Exercise brief: Repeat, word for word and with nothing added, each line from the one containing "Vintage Suit Dress&Black Sweater 2Pcs" to the final line of the data, keeping both ends. Pictures are not part of the copy.

Data for processing Block Start

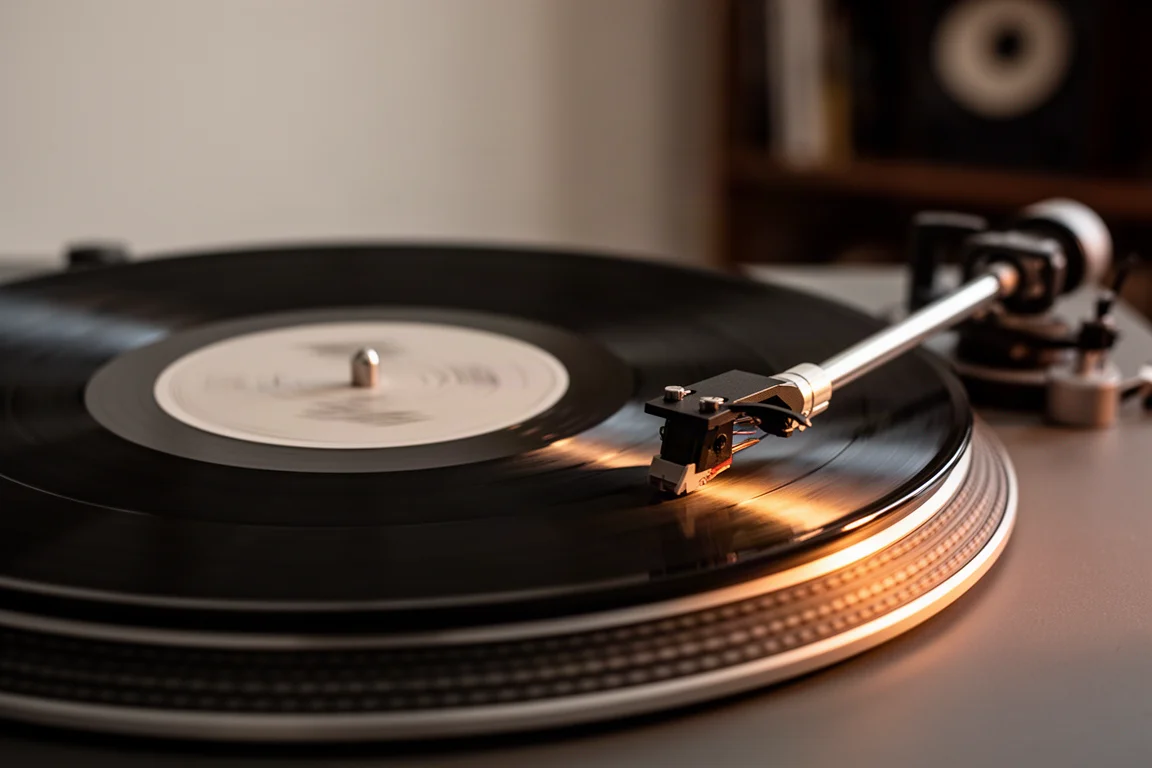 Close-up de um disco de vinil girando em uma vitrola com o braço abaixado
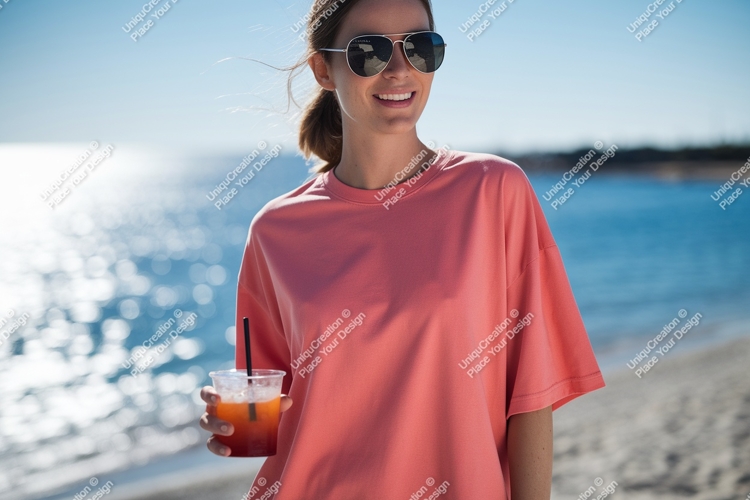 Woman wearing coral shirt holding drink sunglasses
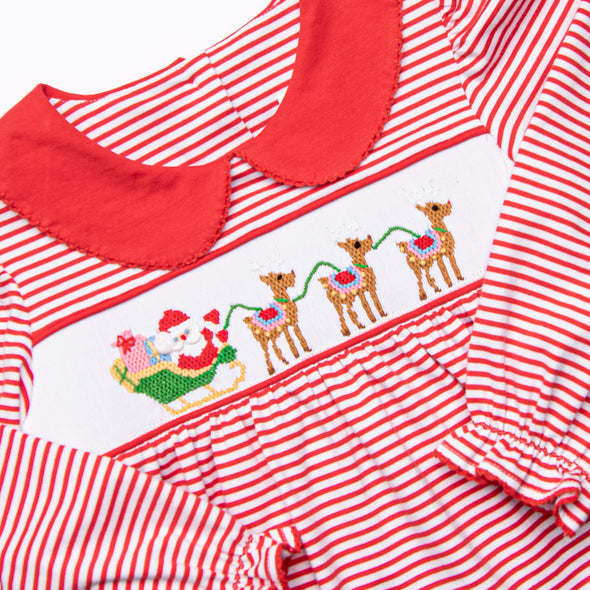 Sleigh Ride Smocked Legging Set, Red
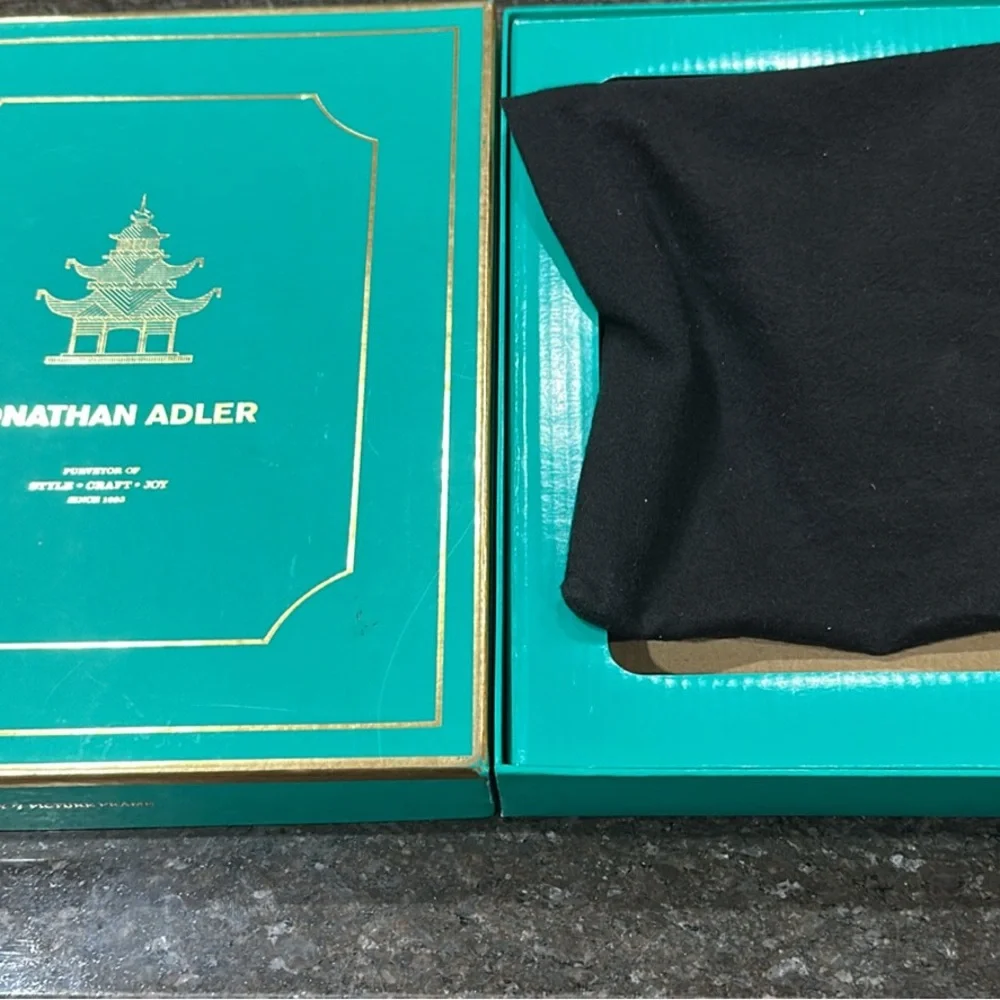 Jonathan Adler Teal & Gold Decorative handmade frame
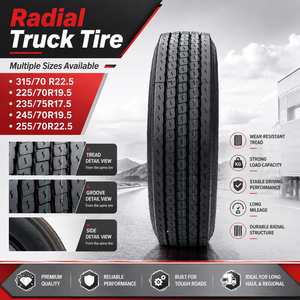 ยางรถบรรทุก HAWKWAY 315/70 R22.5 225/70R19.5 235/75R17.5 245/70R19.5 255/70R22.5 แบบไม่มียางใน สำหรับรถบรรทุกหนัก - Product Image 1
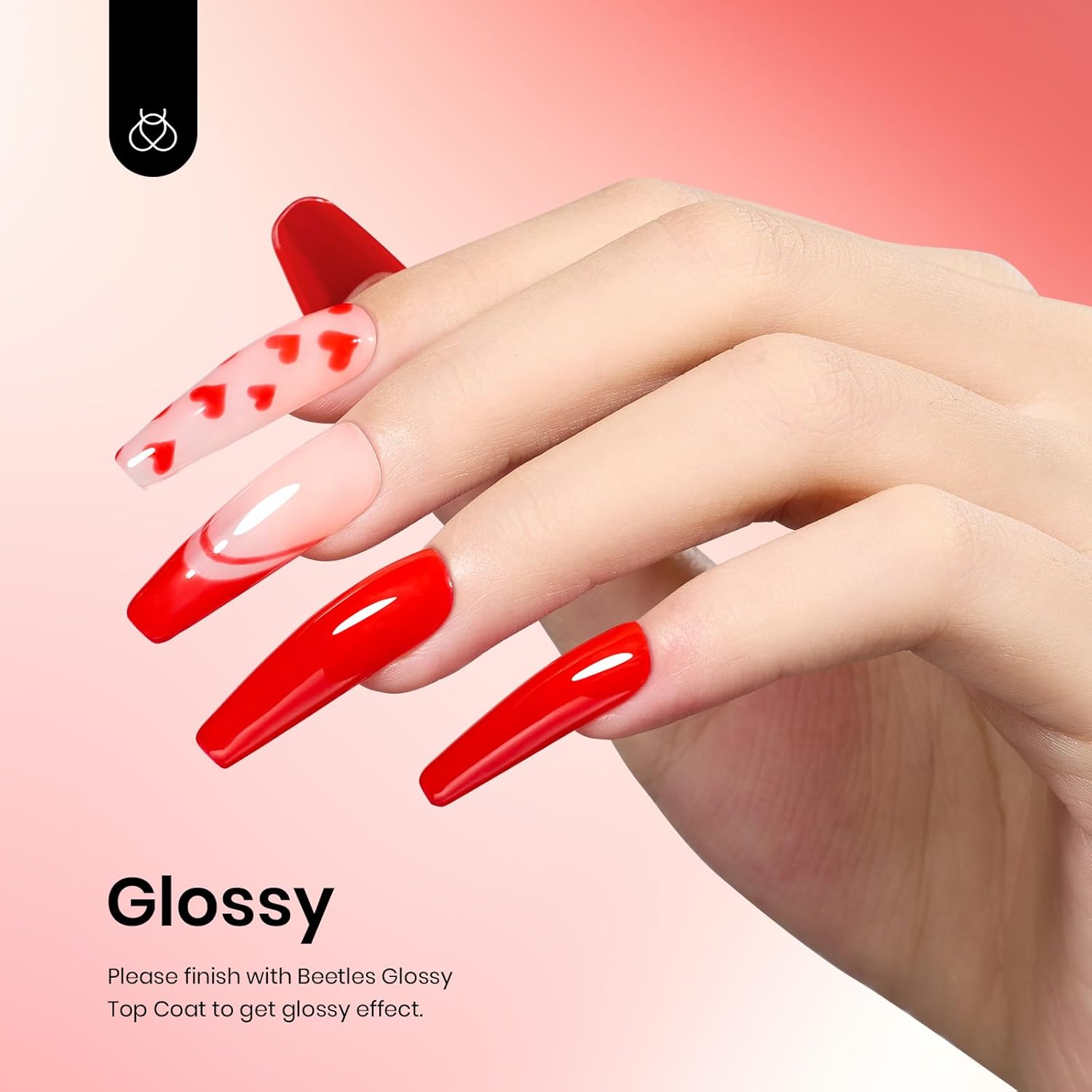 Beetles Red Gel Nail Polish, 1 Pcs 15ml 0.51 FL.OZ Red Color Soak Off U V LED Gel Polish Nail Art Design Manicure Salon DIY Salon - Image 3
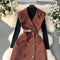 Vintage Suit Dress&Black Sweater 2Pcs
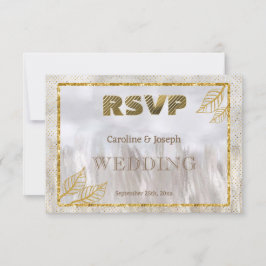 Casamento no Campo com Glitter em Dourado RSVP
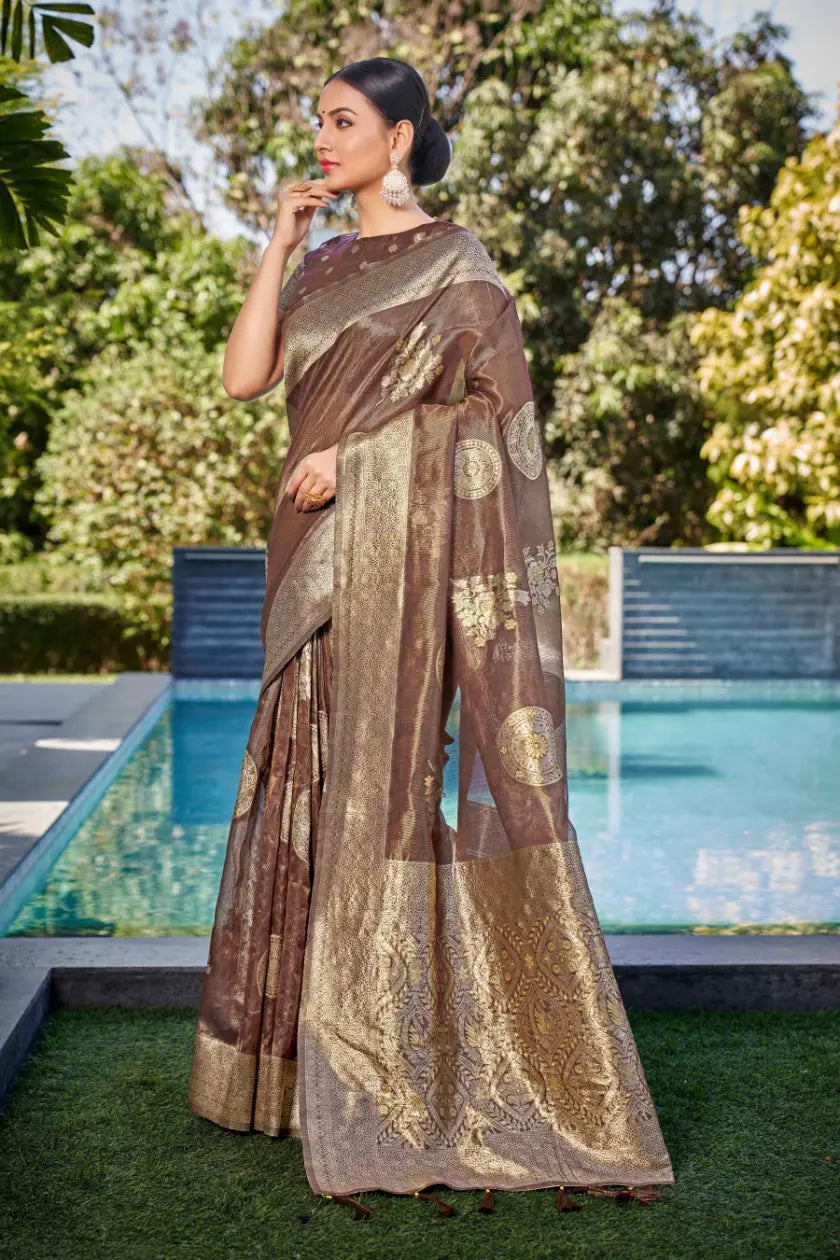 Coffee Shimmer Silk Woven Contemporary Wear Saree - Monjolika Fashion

Data for processing Block End

Task solution:
 Vintage Suit Dress&Black Sweater 2Pcs
 Casamento no Campo com Glitter em Dourado RSVP
 Coffee Shimmer Silk Woven Contemporary Wear Saree - Monjolika Fashion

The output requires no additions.